“Sungguh Abu Muslim telah mati-matian dalam beribadah sehingga ia berkata, “Kalau aku melihat surga atau neraka dengan mata kepala, maka aku tidak memiliki bekal” (Utsman ibn Abi ‘Aatikah)

Telah tersebar berita di jazirah Arab bahwa Rasulullah SAW sakit parah setelah kepulangannya dari haji wada’.

Maka, syaitan memperdaya al-Aswab al-‘Ansi untuk kembali kepada kekufuran setelah sebelumnya beriman…dan mengadakan kebohongan atas nama Allah, ia mendakwakan dirinya sebagai nabi yang diutus dari sisi Allah bagi kaumnya di Yaman.

Adalah al-Aswad al-‘Ansi seorang yang begitu kuat, bertubuh kekar, berkulit hitam dan banyak kejahatannya.

Di masa Jahiliyah ia adalah seorang yang mumpuni dalam perdukunan, mahir dalam melakukan sihir atas manusia.

Di samping itu pula ia adalah orang yang fasih lisannya, mengagumkan penjelasannya, pengkaui, mampu mempermainkan akal orang-orang awam dengan kebathilan-kebathilannya dan mampu menarik loyalitas orang-orang khusus dengan hibah dan pemberiannya.
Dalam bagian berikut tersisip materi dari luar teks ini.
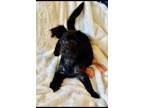 Adopt Pickles a Black Maltipoo / Terrier (Unknown Type, Small) / Mixed dog in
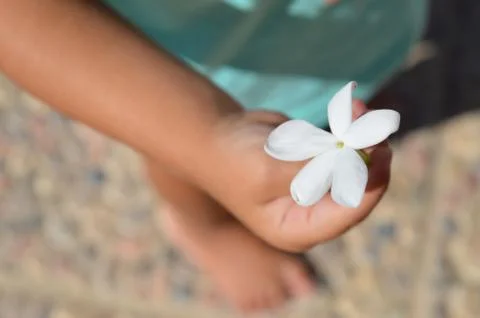 Child with white flower Stock Photos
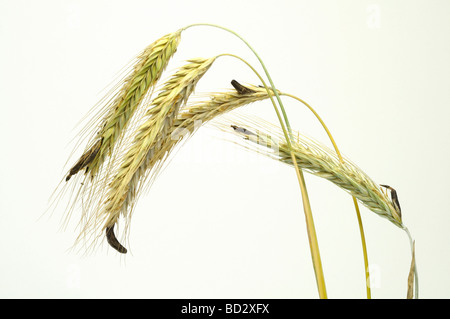 Mutterkorn, spornte Rye (Claviceps Purpurea). Mutterkorn Kerne (Sklerotium) auf Roggen Ohren Stockfoto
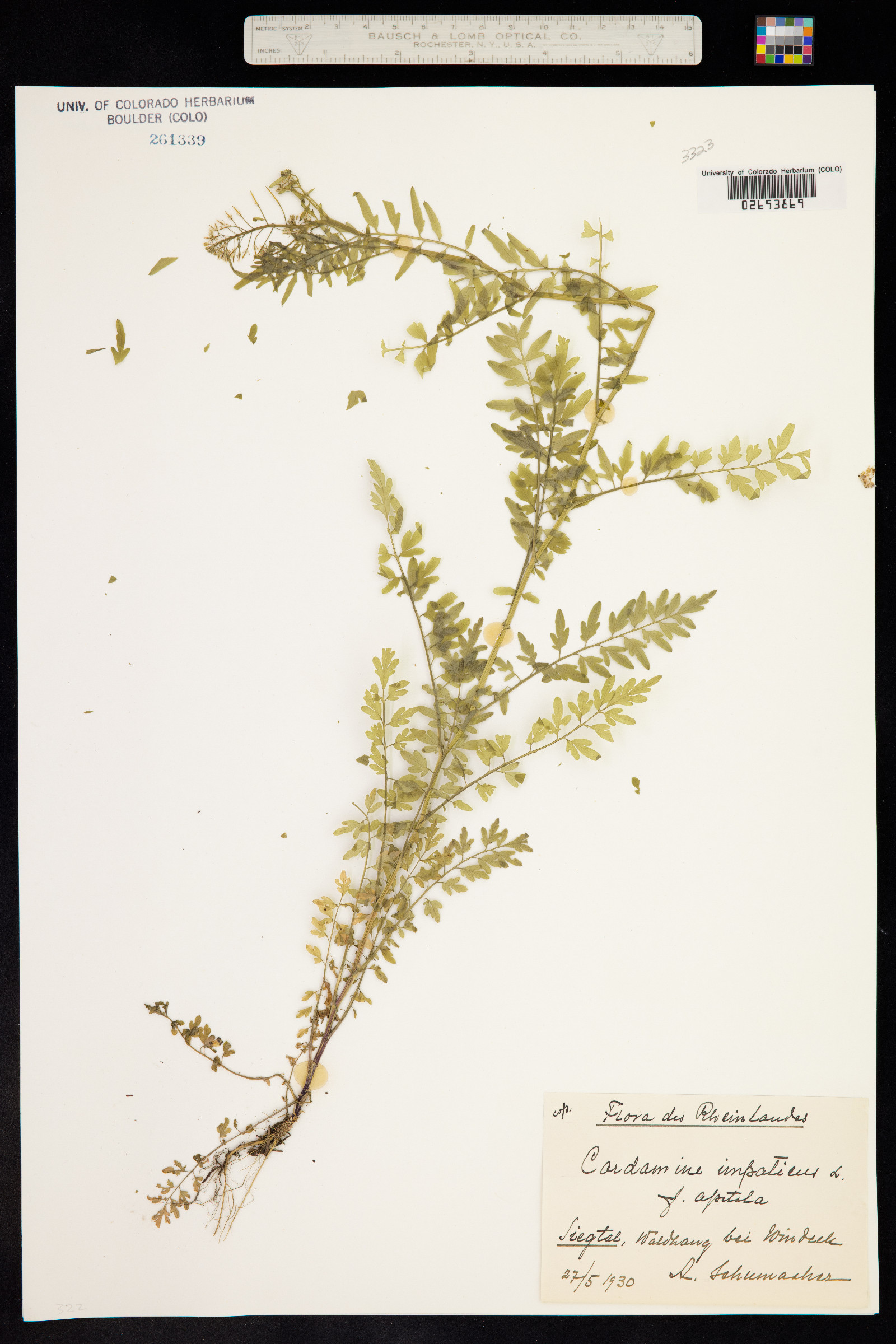 Cardamine impatiens image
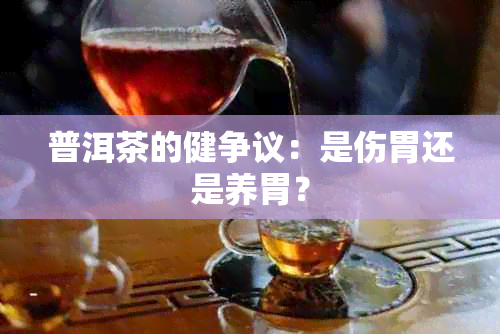 普洱茶的健争议：是伤胃还是养胃？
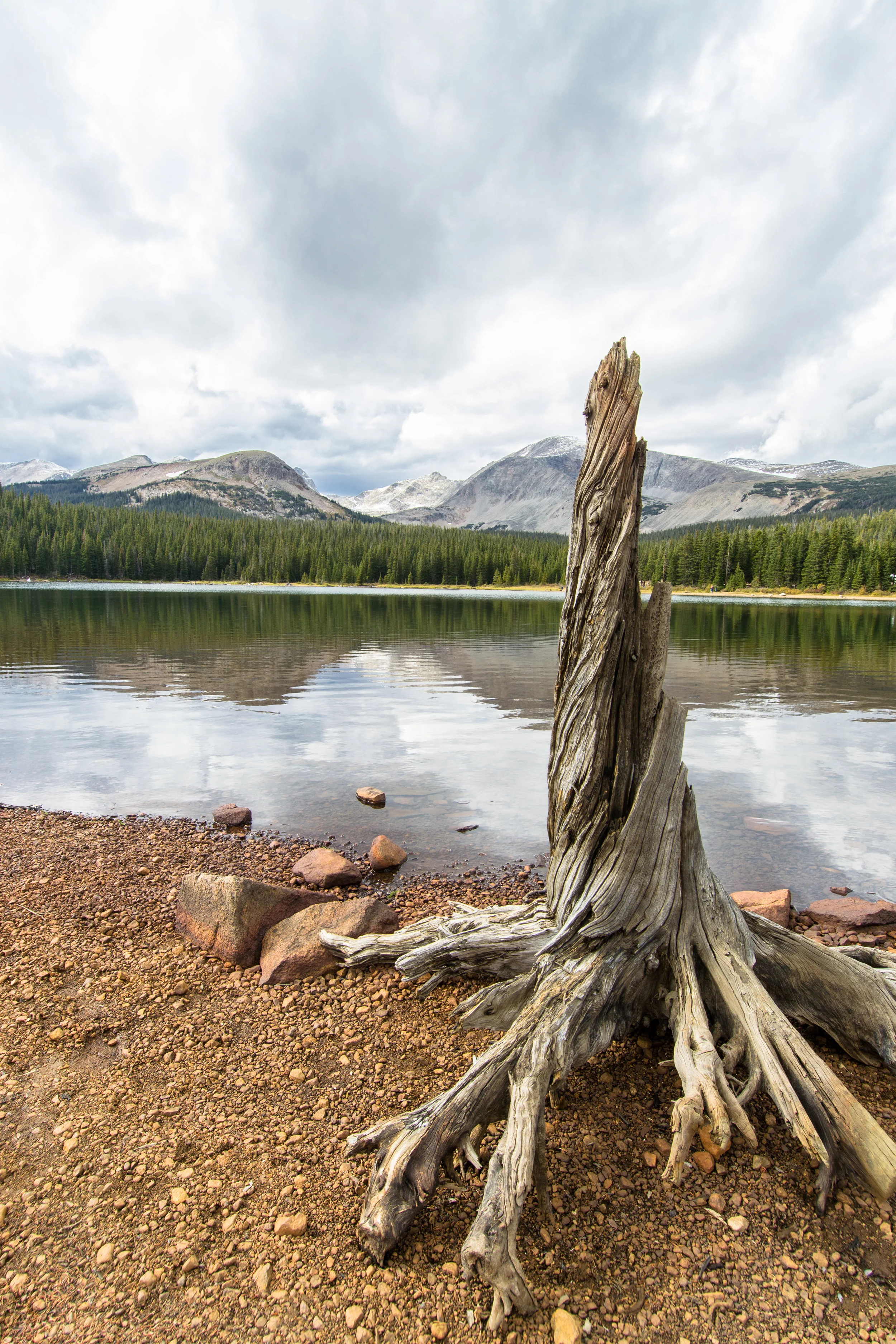MACYCARTERPHOTOGRAPHY-2-37.jpg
Ia tidak pernah muncul di hadapan manusia kecuali dengan menutup muka dengan cadar berwarna hitam untuk meliputi dirinya dengan sifat ditakuti karena tersembunyi dan berwibawa.

Dakwah al-Aswad al-‘Ansi telah tersebar di Yaman sebagimana menjalarnya api pada tanaman yang kering, dan kabilahnya dari Bani Madzhij yang megikutinya telah membantunya dalam meyebarkan dakwahnya.

Pada saat itu, ia adalah kabilah Yaman yang paling banyak jumlah penduduknya, paling luas kawasannya dan paling kuat bala tentaranya.

Sebagaimana telah membantunya dalam menyebarkan dakwahnya, yaitu kemampuannya untuk menciptakan kedustaan dan menghiasi perkataannya, serta permintaan bantuannya kepada orang-orang pengkaui yang menjadi pengikutnya.

Ia mendakwakan kepada manusia bahwa malaikat turun kepadanya dengan membawa wahyu serta memberitakan hal-hal ghaib kepadanya.

Untuk meyakinkan manusia atas kebenaran dakwaanya, ia telah menempuh banyak cara.

(Di antaranya) ia menyebarkan mata-matanya di setiap tempat, untuk mengetahui urusan-urusan manusia dan musykilah mereka serta menyibak rahasia-rahasia dan berita-berita mereka, serta menembus apa yang terhimpun dalam lubuk hati mereka dari angan-angan dan kesusahan.

Dan mereka di waktu yang sama merayu dan menipu mereka agar merujuk kepadanya (al-Aswad) dan meminta pertolongan darinya.

Dan apabila mereka mendatanginya, ia menghadapi setiap orang yang punya hajat dengan hajatnya dan memulai setiap orang yang punya permasalahan dengan (menyelesaikan) permasalahannya.

Dengan begitu seakan-akan ia memperlihatkan kepada mereka bahwa ia (mengetahui) rahasia-rahasia yang tersembunyi pada mereka dan menemukan apa yang tersembunyi dalam lubuk hati mereka.

Ia mendatangkan hal-hal ajaib dan aneh yang mampu mencengangkan akal dan membingungkan pikiran.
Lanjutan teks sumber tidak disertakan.